=== Data extract ===
>>>

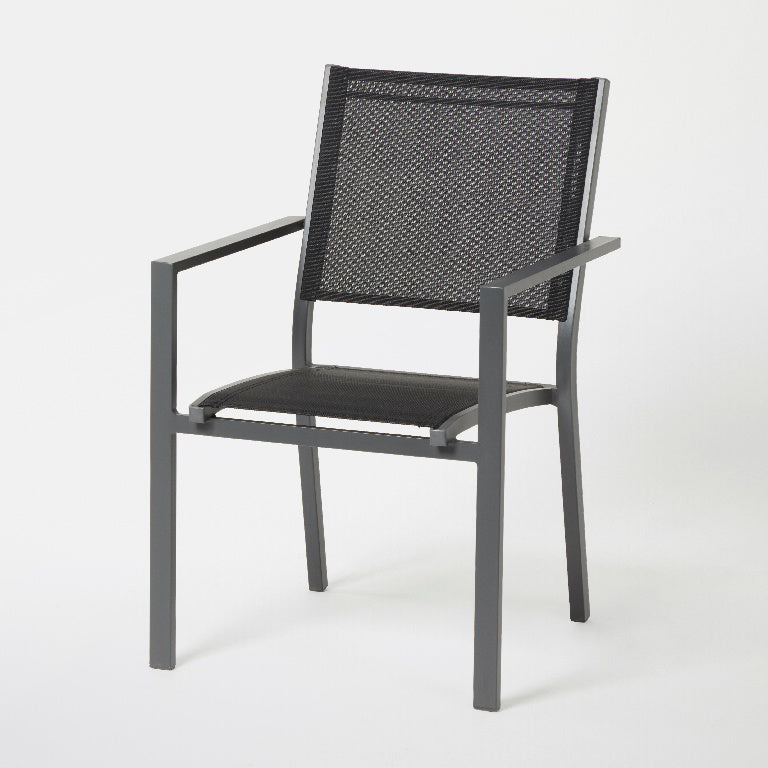 Scaun de gradina Barbana, metalic, cadru din aluminiu negru, culoare negru, 56 x 86 x 59 cm
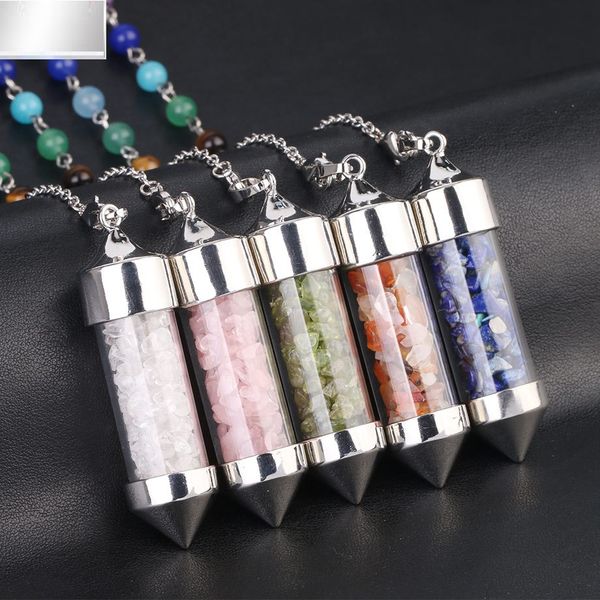glass mini wishing bottle pendant seven chakra divination dowsing cone point pendulum yoga pendants amulet wicca pendulo meditation for men, Silver
glass mini wishing bottle pendant seven chakra divination dowsing cone point pendulum yoga pendants amulet wicca pendulo meditation for men, Silver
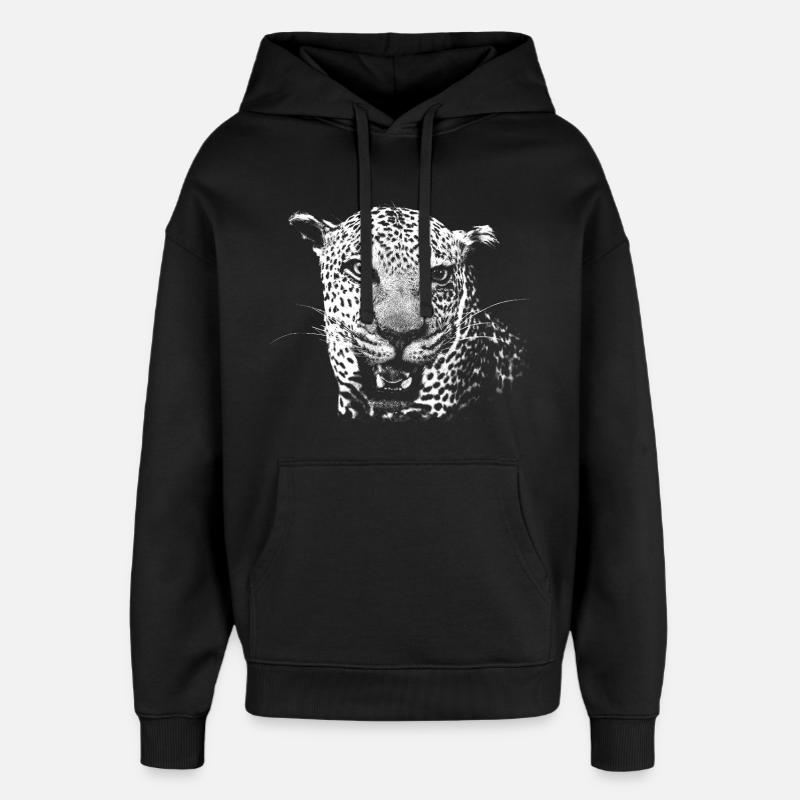 Léopard - Sweat à capuche unisexe Stanley/Stella Oversized - noir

<<<

Images stay out, but the rest of the data above must be repeated exactly.

 Scaun de gradina Barbana, metalic, cadru din aluminiu negru, culoare negru, 56 x 86 x 59 cm
glass mini wishing bottle pendant seven chakra divination dowsing cone point pendulum yoga pendants amulet wicca pendulo meditation for men, Silver
glass mini wishing bottle pendant seven chakra divination dowsing cone point pendulum yoga pendants amulet wicca pendulo meditation for men, Silver
 Léopard - Sweat à capuche unisexe Stanley/Stella Oversized - noir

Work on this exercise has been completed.